What to produce: Every line from the one with "Sorbus Fridge Organizer" to the one with "Hungry coyote eating", including those two, is to be copied exactly; all other lines of the entries below are left out.

Source data:
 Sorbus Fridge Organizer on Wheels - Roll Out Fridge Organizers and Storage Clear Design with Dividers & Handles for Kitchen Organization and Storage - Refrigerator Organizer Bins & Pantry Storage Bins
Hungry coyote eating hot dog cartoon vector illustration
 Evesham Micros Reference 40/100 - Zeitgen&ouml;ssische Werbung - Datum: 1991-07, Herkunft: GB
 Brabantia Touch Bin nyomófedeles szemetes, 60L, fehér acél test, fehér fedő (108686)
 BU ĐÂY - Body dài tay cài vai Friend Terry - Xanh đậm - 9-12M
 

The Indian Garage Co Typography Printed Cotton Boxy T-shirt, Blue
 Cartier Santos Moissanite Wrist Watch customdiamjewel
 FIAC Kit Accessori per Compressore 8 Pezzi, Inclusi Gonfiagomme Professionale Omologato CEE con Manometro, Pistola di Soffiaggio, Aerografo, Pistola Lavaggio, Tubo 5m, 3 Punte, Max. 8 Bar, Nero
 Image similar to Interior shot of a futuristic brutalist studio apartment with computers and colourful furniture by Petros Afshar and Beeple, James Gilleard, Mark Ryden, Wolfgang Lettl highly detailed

---

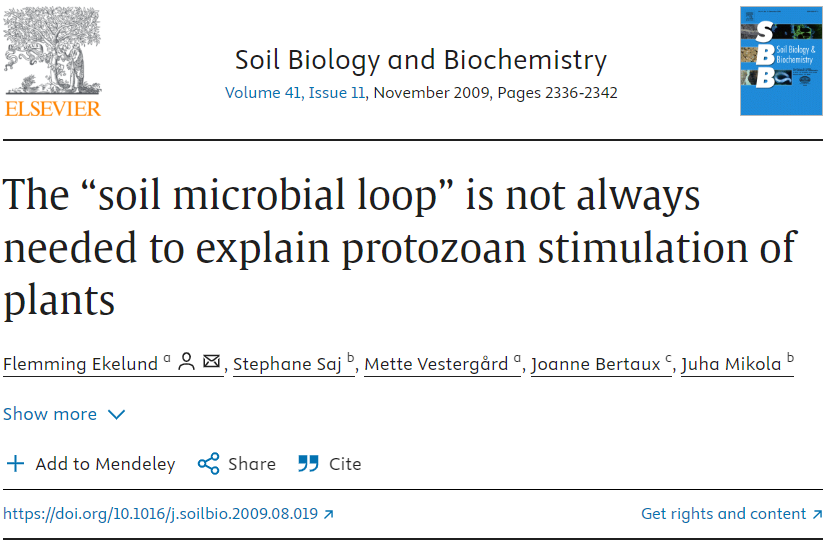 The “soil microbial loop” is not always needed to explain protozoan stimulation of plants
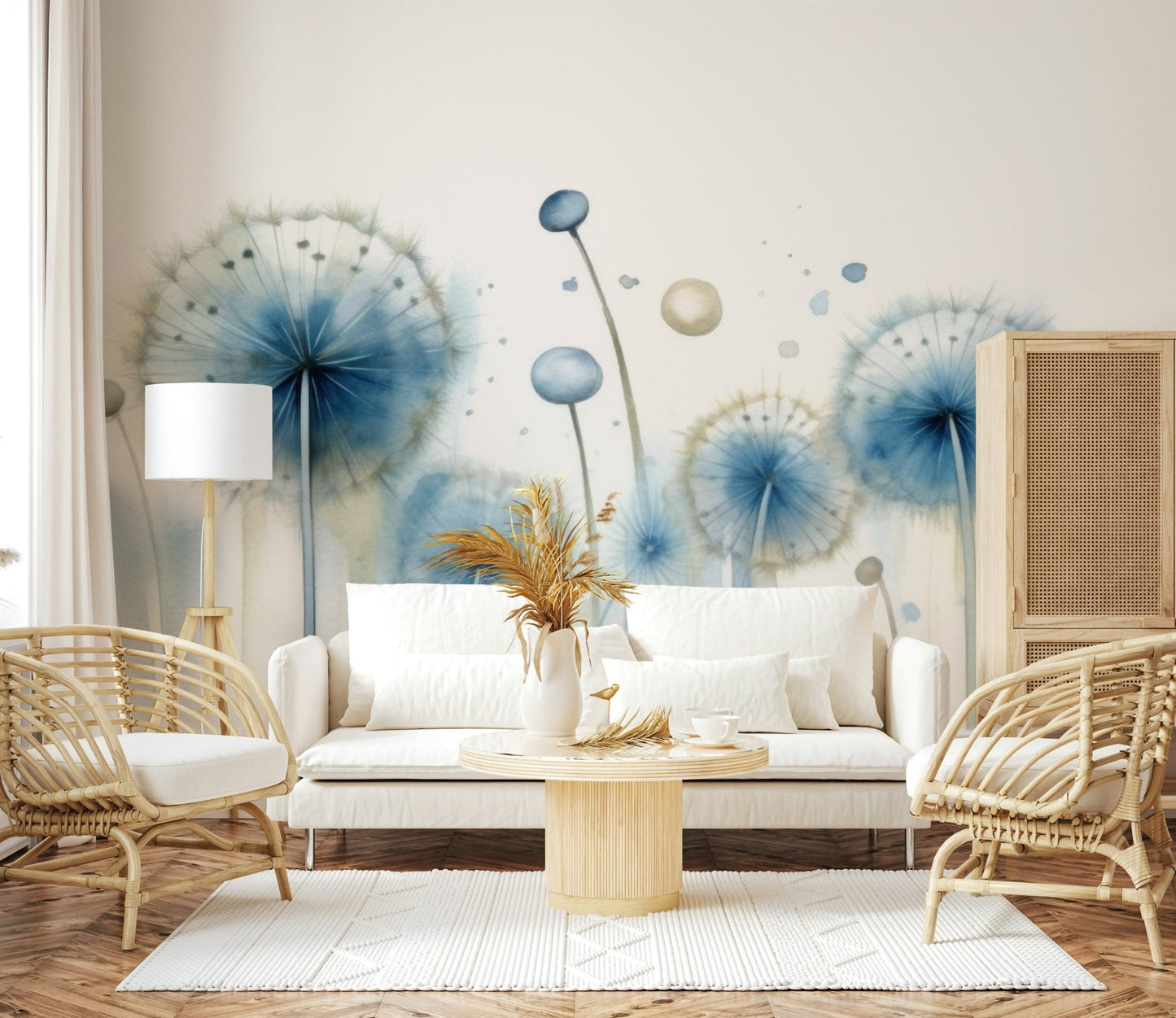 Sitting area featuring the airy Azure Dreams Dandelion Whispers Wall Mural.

--

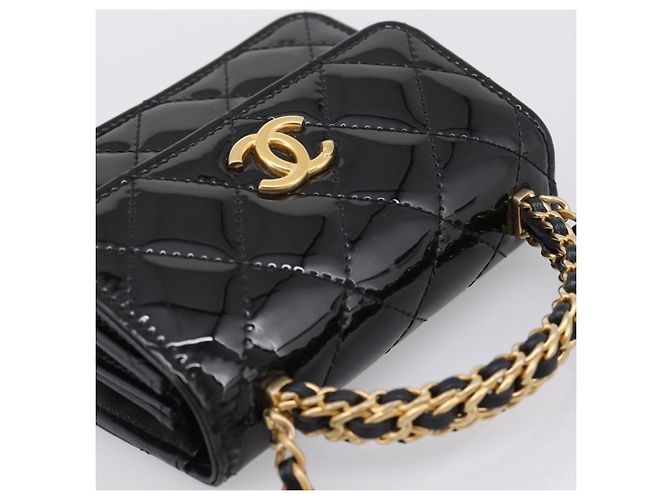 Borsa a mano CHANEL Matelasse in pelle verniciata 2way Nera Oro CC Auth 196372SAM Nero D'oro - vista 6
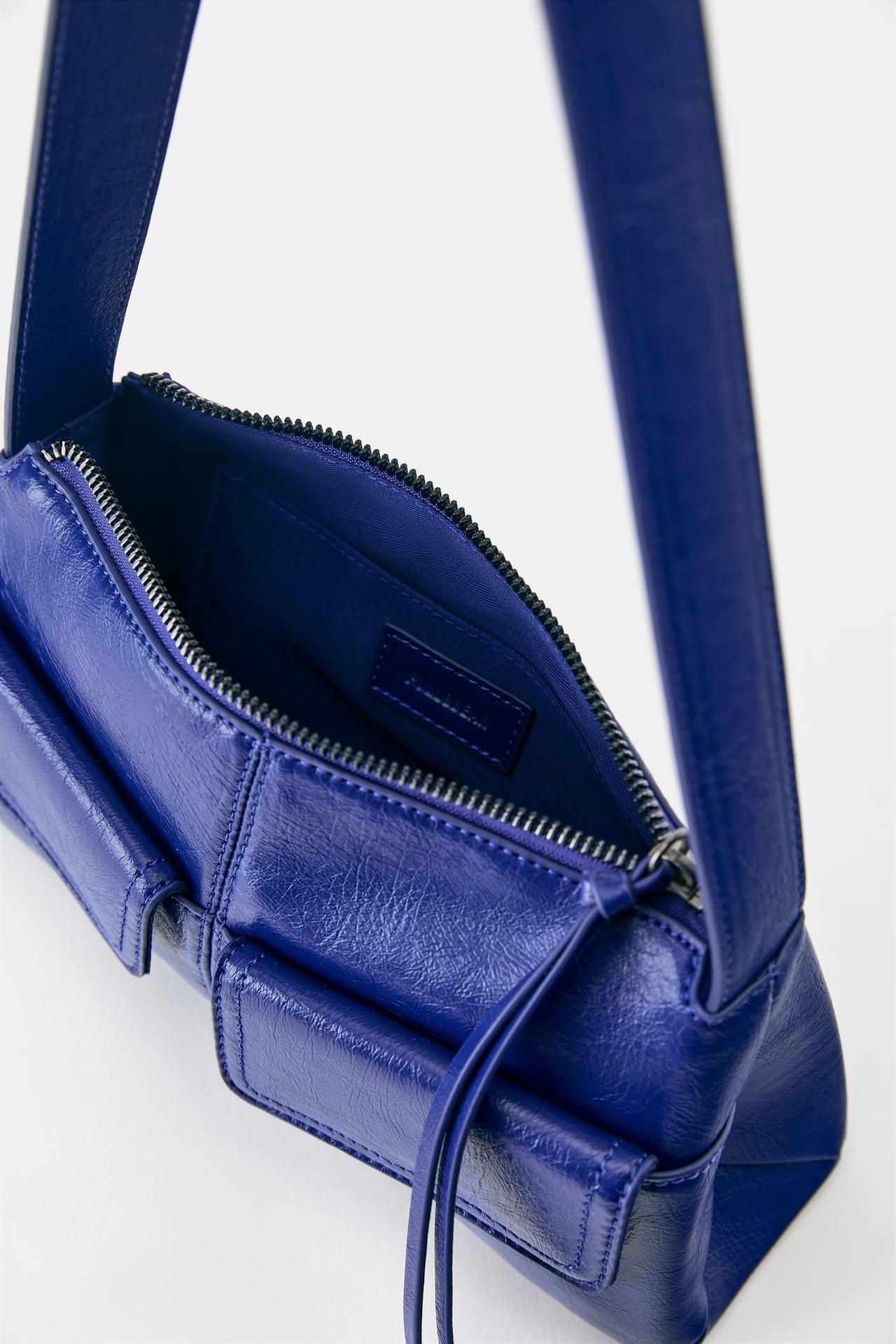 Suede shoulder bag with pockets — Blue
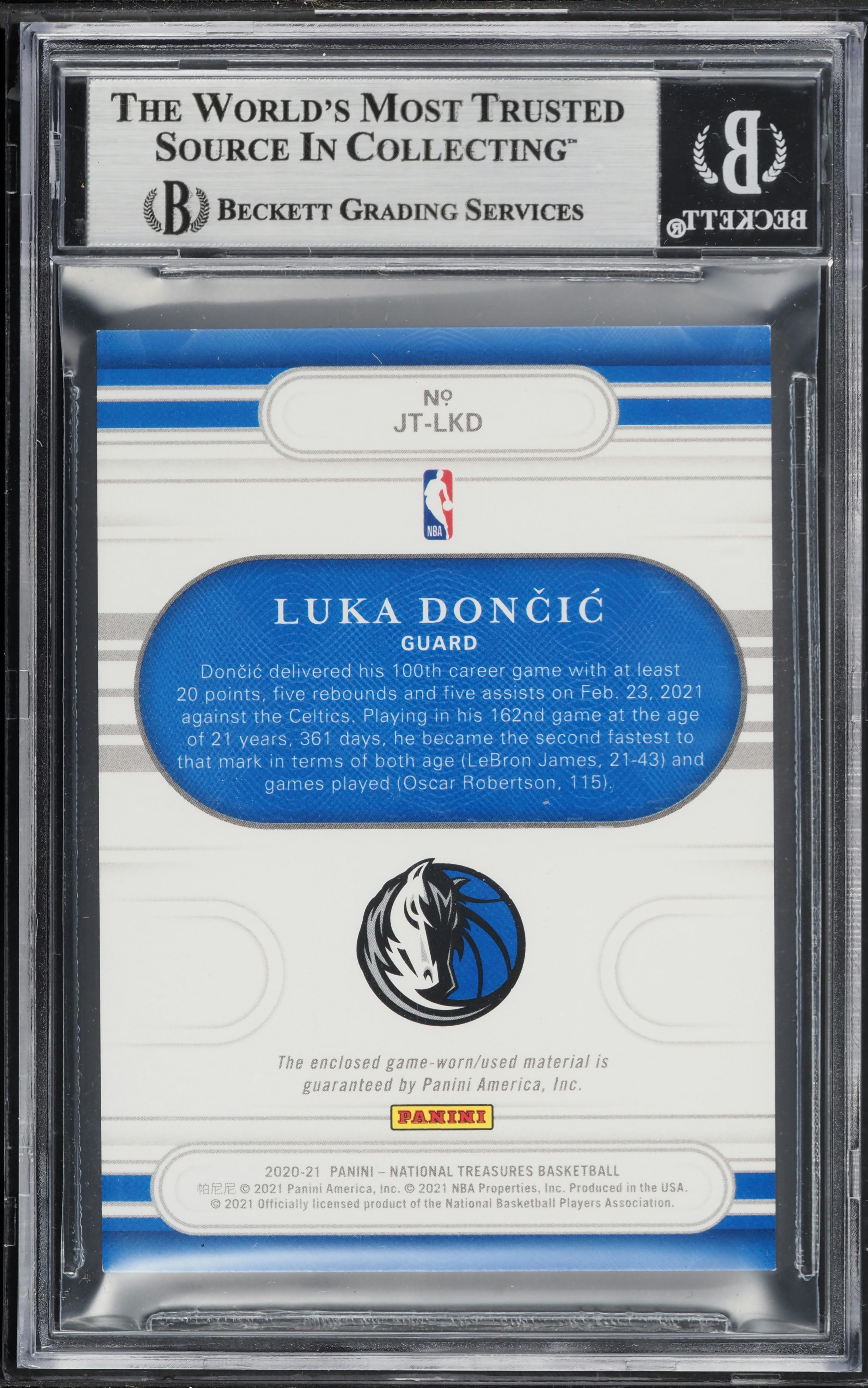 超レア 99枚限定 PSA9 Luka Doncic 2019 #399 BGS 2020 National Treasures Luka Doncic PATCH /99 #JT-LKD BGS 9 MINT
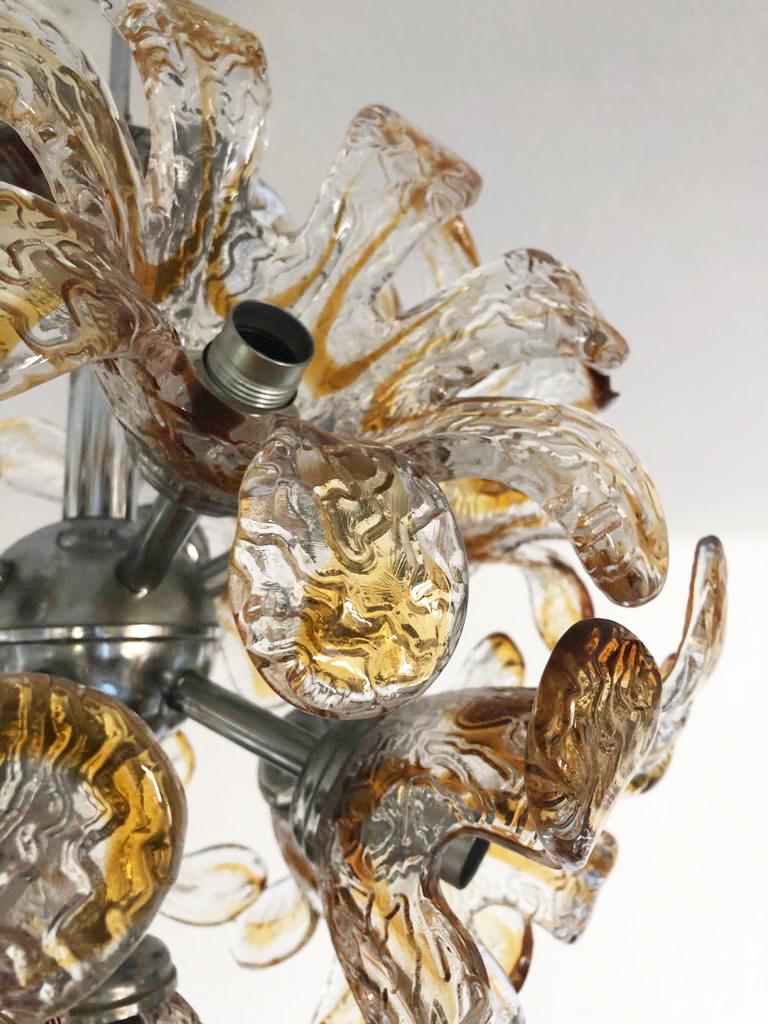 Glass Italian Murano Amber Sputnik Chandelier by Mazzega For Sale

Exercise response:
 Sorbus Fridge Organizer on Wheels - Roll Out Fridge Organizers and Storage Clear Design with Dividers & Handles for Kitchen Organization and Storage - Refrigerator Organizer Bins & Pantry Storage Bins
Hungry coyote eating hot dog cartoon vector illustration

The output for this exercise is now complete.